**WHAT IS BEING ASKED:**
The expected output is each line from the one containing "Vysouvací ložisko SACHS" to the last line of the data below, set down exactly, minus the pictures.
+++
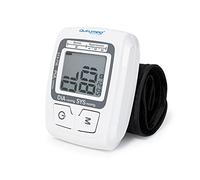 QUIRUMED 735 - Tensiomètre numérique de poignet
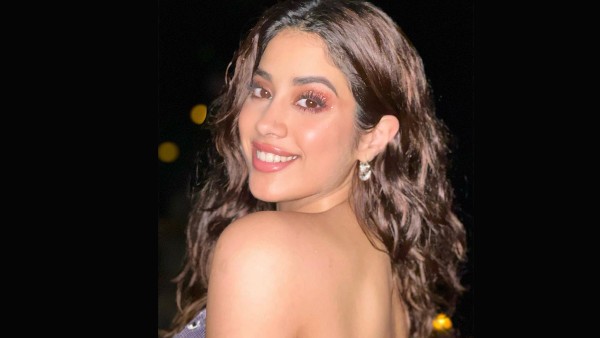 सिंपल मेकअप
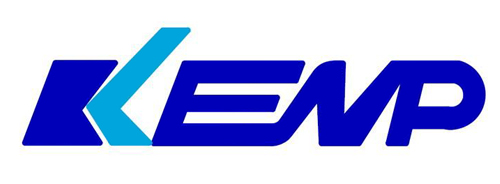 ZHEJIANG KEMP SANITARY WARE CO.,LTD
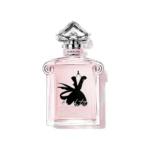 Guerlain La Petite Robe Noire Eau De Toilette 30 мл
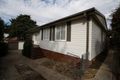 Property photo of 6 Ernest Phillips Avenue Cooma NSW 2630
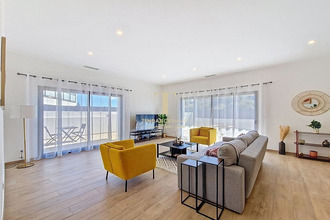 achat maison narbonne 11100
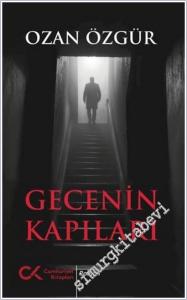 Gecenin Kapıları -        2026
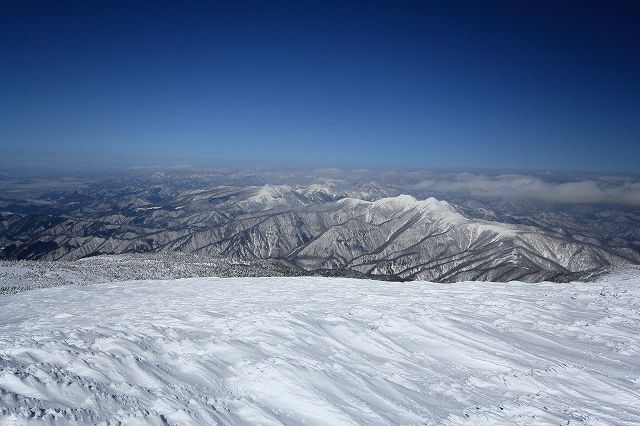 e0137200_19595958.jpg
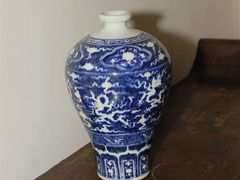 -厉家菜(德胜门总店)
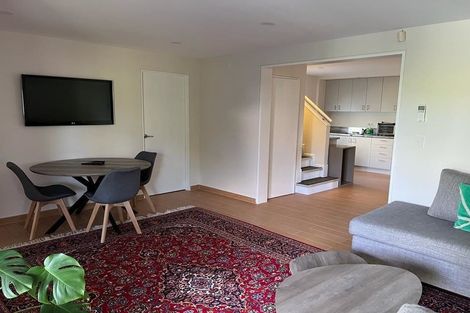 Photo of property in 11 Meadow Crescent, Te Atatu South, Auckland, 0602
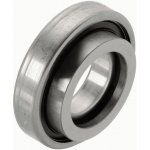 Vysouvací ložisko SACHS 1863 863 001 – Sleviste.cz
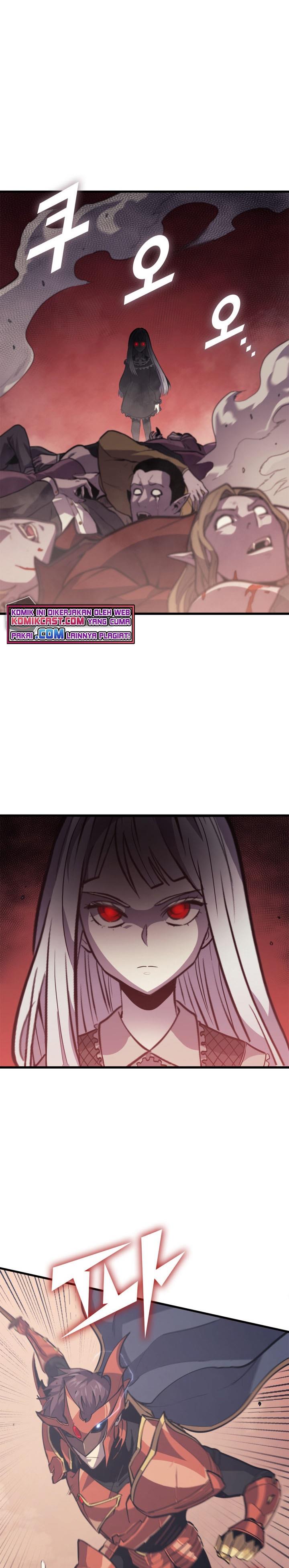 image-komik-max-level-returner-chapter-126-6/39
+++
**EXERCISE SOLUTION:**
 Vysouvací ložisko SACHS 1863 863 001 – Sleviste.cz
 image-komik-max-level-returner-chapter-126-6/39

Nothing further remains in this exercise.